#### [EXERCISE DETAILS]
Only the closing portion of the entries is to be reproduced: the line containing "An extreme close-up" through the very last line, exactly as written.
╭─ DATASET
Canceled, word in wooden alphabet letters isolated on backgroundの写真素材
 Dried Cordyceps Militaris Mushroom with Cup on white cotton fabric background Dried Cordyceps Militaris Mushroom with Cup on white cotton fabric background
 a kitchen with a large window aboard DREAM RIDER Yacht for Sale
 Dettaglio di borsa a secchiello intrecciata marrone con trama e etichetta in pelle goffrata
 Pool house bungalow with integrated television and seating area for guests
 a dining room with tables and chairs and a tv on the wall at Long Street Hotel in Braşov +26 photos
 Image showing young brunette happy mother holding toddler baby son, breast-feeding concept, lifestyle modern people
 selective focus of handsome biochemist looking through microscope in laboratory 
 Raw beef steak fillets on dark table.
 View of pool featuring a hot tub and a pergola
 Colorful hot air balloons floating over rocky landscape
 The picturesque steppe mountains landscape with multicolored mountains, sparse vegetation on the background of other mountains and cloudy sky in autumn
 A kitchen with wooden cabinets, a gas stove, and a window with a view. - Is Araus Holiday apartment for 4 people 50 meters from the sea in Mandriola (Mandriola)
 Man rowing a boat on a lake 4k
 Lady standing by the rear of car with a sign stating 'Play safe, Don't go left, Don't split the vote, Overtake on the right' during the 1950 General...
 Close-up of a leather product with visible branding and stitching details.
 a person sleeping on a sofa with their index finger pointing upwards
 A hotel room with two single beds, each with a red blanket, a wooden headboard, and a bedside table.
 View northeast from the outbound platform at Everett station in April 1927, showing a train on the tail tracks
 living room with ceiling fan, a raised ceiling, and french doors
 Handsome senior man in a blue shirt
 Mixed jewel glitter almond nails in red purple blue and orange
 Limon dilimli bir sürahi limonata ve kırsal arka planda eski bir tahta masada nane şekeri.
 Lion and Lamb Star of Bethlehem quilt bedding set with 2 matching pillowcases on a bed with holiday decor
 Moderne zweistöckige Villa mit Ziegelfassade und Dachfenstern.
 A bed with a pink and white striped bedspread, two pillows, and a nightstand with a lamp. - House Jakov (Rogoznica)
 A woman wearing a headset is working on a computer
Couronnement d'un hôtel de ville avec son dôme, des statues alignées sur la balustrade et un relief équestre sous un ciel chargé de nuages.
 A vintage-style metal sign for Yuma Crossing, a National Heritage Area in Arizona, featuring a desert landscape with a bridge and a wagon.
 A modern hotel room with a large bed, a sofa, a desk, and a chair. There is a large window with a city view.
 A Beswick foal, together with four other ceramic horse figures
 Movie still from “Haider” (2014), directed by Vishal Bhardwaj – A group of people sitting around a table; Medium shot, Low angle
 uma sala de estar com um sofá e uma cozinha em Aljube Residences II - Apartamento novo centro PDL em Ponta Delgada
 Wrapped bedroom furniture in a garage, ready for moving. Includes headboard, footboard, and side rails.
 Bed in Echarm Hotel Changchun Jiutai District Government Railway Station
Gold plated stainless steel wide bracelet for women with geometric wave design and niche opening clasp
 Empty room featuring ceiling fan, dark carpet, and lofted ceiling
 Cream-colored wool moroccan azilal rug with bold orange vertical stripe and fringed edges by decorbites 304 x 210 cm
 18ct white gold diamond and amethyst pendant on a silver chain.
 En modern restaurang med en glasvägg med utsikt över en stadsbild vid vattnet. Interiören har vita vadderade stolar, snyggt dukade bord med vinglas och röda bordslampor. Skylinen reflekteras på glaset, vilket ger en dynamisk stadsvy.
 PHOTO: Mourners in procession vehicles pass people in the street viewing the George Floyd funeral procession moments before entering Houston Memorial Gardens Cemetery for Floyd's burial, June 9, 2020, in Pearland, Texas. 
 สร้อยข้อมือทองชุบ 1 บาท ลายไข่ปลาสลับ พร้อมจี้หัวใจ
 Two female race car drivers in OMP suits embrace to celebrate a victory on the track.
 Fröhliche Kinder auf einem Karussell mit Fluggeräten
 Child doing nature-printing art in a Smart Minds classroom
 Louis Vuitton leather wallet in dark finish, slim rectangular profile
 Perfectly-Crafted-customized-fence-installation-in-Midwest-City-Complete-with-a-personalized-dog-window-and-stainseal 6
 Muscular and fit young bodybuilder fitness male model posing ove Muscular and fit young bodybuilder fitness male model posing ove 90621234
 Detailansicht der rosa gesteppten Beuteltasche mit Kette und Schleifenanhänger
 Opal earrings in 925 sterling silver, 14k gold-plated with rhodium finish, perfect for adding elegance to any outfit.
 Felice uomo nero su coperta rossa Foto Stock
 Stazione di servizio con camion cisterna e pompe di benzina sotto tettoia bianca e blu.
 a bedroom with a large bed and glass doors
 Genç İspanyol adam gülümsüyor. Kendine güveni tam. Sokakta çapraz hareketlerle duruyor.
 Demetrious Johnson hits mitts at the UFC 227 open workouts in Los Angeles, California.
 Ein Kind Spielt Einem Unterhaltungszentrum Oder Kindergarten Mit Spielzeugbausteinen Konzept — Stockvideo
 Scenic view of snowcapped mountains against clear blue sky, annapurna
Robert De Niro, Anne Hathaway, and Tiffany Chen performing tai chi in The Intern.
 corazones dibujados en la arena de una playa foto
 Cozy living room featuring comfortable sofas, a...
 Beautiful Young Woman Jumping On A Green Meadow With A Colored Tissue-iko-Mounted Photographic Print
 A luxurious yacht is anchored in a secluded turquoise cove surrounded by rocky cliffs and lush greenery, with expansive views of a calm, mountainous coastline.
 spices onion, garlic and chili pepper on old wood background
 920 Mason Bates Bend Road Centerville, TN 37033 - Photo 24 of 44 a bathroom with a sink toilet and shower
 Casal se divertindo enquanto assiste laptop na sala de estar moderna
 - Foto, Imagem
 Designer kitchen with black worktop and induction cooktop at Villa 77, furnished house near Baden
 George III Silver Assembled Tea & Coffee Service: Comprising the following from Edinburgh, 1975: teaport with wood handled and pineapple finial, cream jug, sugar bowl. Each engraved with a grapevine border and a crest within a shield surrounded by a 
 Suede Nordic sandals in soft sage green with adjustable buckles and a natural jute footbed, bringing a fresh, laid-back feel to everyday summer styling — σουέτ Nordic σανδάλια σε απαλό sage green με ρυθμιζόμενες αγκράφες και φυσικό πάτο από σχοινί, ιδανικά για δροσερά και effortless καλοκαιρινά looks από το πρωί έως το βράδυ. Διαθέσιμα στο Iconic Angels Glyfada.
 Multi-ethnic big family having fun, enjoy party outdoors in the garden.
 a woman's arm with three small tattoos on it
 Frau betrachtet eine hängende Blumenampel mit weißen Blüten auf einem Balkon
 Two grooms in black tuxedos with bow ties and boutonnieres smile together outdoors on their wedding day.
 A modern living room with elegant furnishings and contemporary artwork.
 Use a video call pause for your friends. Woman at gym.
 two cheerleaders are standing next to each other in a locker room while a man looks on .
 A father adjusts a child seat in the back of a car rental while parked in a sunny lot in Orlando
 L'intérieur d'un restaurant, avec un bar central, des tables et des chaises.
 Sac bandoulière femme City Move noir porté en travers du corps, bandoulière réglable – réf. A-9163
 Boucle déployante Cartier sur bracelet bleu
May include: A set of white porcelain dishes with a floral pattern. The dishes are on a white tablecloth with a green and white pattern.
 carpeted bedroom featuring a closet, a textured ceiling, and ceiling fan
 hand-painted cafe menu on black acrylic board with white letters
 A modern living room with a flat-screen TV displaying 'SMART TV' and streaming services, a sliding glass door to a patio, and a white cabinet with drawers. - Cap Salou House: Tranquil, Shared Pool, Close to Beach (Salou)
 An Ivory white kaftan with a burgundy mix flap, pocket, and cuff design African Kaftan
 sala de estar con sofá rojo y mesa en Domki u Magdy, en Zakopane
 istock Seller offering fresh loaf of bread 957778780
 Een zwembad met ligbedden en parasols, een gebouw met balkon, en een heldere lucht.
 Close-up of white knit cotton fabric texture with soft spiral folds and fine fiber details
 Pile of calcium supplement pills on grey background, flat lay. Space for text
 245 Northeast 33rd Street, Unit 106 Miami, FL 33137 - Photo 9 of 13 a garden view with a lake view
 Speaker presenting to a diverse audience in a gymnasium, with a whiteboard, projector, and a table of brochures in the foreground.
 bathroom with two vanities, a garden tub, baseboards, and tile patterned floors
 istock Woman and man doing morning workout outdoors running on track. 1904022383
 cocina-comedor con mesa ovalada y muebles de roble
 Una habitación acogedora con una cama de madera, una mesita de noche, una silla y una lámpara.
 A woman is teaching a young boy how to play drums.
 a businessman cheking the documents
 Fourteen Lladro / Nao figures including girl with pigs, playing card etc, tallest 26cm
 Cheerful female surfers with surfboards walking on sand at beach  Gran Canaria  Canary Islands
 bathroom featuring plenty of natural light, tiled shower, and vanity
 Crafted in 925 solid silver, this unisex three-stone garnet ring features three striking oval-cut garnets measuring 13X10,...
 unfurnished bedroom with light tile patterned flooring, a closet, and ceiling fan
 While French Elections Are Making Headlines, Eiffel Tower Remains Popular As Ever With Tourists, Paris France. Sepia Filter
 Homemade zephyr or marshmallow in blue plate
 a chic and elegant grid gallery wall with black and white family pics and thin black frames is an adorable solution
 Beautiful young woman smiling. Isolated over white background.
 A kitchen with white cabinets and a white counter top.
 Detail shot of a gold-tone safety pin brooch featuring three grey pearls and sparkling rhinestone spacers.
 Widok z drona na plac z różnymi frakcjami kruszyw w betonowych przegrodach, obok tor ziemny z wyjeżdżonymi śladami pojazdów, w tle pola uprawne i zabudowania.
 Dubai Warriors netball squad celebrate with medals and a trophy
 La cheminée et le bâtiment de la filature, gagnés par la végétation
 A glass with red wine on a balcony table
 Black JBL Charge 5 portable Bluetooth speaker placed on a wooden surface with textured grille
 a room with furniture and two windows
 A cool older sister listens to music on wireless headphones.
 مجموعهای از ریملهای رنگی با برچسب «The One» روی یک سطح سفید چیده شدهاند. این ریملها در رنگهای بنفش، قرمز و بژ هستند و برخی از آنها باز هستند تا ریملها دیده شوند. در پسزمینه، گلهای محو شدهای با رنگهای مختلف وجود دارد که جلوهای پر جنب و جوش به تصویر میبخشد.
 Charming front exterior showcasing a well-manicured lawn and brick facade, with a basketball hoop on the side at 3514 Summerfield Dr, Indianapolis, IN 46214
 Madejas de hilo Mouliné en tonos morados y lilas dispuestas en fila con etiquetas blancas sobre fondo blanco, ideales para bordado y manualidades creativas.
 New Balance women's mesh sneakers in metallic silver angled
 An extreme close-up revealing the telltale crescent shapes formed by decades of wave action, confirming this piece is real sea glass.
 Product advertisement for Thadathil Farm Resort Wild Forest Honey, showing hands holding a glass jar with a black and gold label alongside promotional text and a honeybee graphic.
╰─
#### [ANSWER SECTION]
 An extreme close-up revealing the telltale crescent shapes formed by decades of wave action, confirming this piece is real sea glass.
 Product advertisement for Thadathil Farm Resort Wild Forest Honey, showing hands holding a glass jar with a black and gold label alongside promotional text and a honeybee graphic.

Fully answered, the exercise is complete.